[Information]
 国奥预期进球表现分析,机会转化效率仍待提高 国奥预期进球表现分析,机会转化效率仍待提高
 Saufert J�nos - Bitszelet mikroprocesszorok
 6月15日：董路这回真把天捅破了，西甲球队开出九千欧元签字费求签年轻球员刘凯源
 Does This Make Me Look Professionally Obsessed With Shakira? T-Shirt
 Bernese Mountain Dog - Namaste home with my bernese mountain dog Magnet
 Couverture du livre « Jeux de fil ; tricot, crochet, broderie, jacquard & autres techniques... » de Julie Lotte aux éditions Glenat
* * *
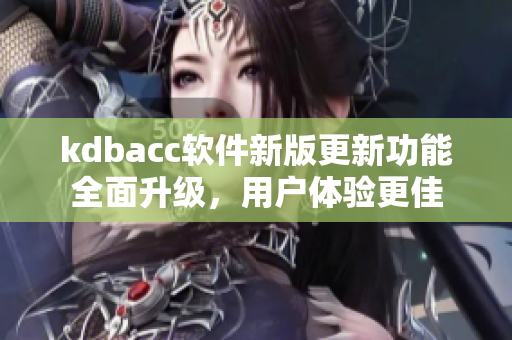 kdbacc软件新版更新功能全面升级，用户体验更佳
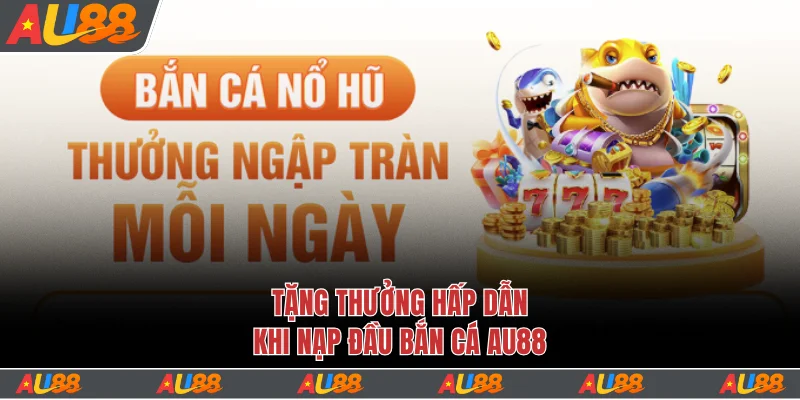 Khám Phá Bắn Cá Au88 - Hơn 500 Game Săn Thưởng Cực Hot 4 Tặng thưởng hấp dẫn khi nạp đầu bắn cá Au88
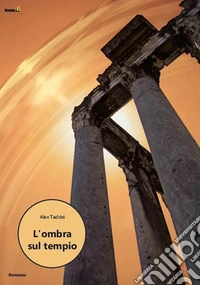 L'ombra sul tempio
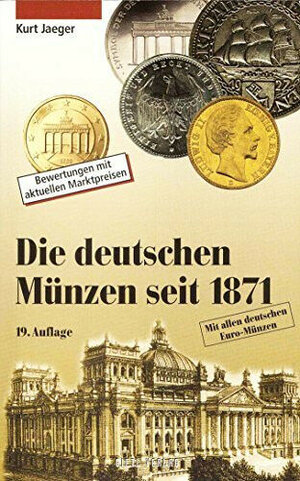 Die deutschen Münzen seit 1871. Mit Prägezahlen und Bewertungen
* * *
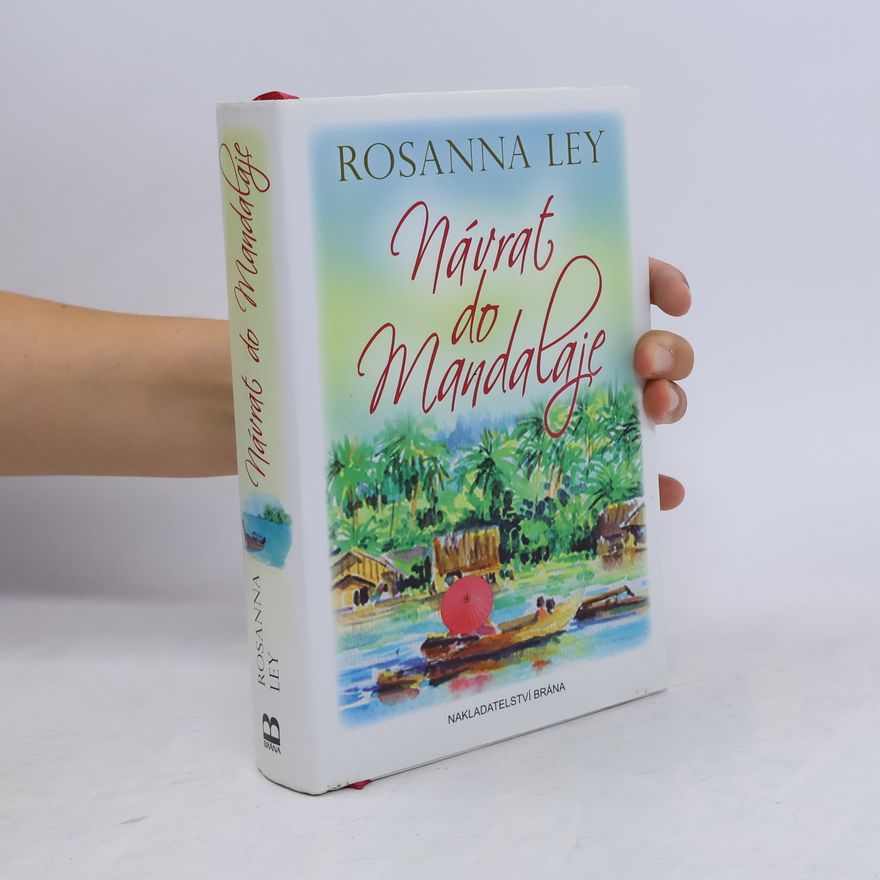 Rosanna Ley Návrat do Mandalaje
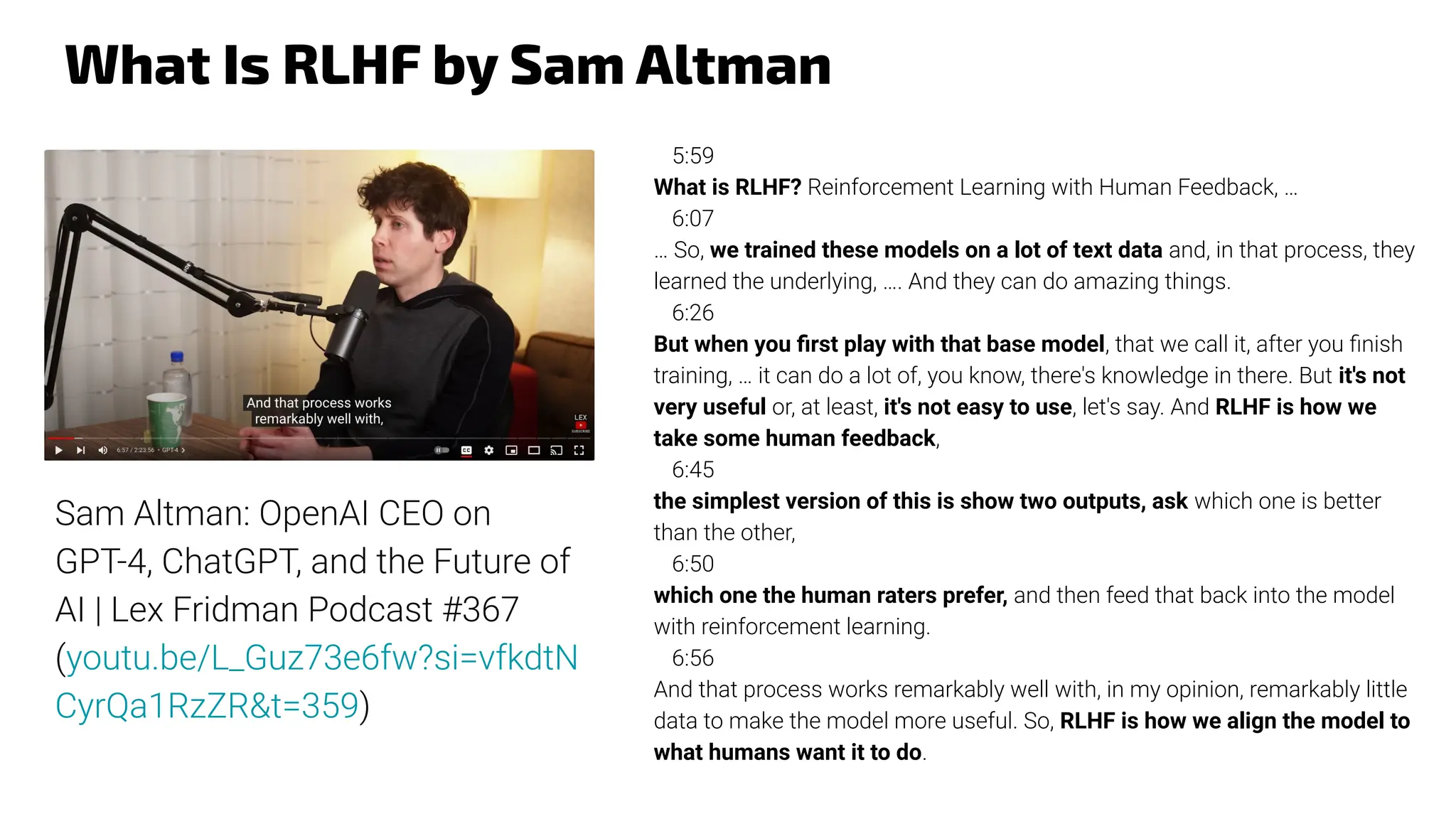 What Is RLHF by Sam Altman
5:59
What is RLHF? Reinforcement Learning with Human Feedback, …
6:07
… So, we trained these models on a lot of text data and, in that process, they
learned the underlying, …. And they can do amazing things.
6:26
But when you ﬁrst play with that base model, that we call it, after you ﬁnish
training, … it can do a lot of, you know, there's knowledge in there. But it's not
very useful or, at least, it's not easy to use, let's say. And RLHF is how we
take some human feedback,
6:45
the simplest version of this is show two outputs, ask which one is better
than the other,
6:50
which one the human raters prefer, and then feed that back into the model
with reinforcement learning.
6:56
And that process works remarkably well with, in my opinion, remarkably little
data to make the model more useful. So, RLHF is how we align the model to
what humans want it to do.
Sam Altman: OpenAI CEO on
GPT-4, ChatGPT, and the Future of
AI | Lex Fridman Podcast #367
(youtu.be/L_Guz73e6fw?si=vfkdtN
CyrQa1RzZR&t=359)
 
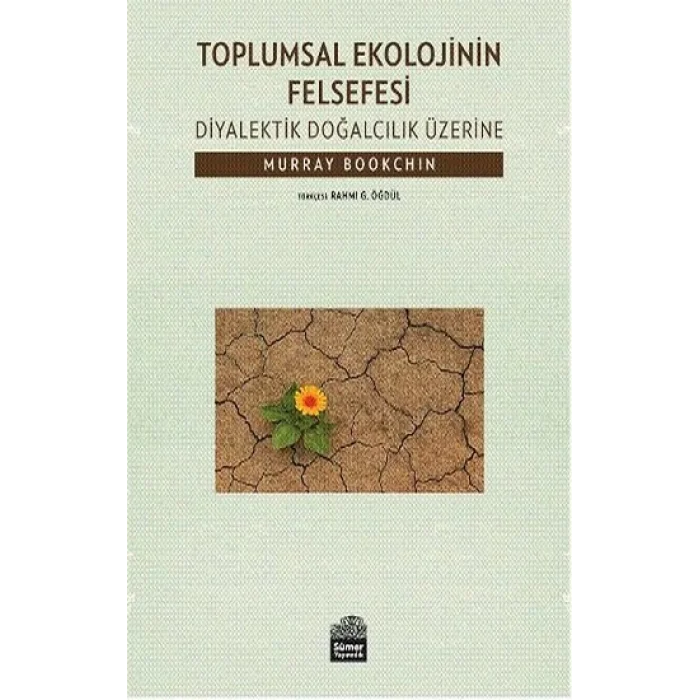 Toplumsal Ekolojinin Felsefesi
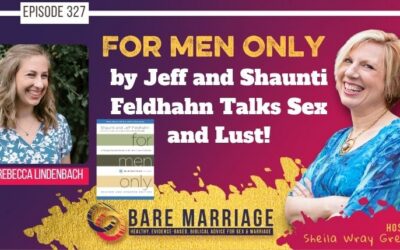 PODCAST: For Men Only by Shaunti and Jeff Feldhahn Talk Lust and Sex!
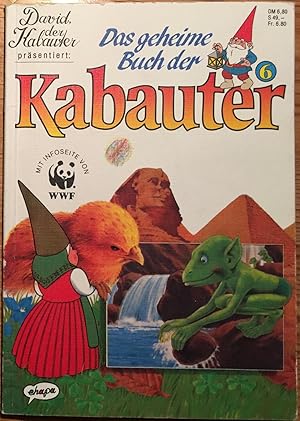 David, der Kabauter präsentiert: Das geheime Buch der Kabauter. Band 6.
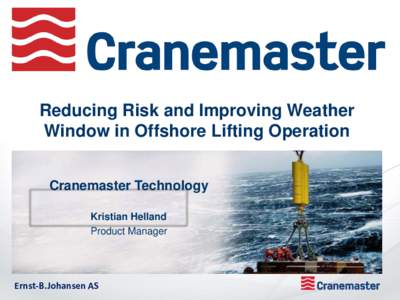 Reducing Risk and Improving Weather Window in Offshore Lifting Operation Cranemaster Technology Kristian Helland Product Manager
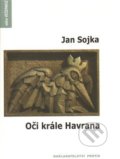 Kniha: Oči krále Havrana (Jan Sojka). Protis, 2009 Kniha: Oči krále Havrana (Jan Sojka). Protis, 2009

[Required action] Look over the listing above. Pick out and copy every line that includes "data".

[Solution for this exercise]
… So, we trained these models on a lot of text data and, in that process, they
data to make the model more useful. So, RLHF is how we align the model to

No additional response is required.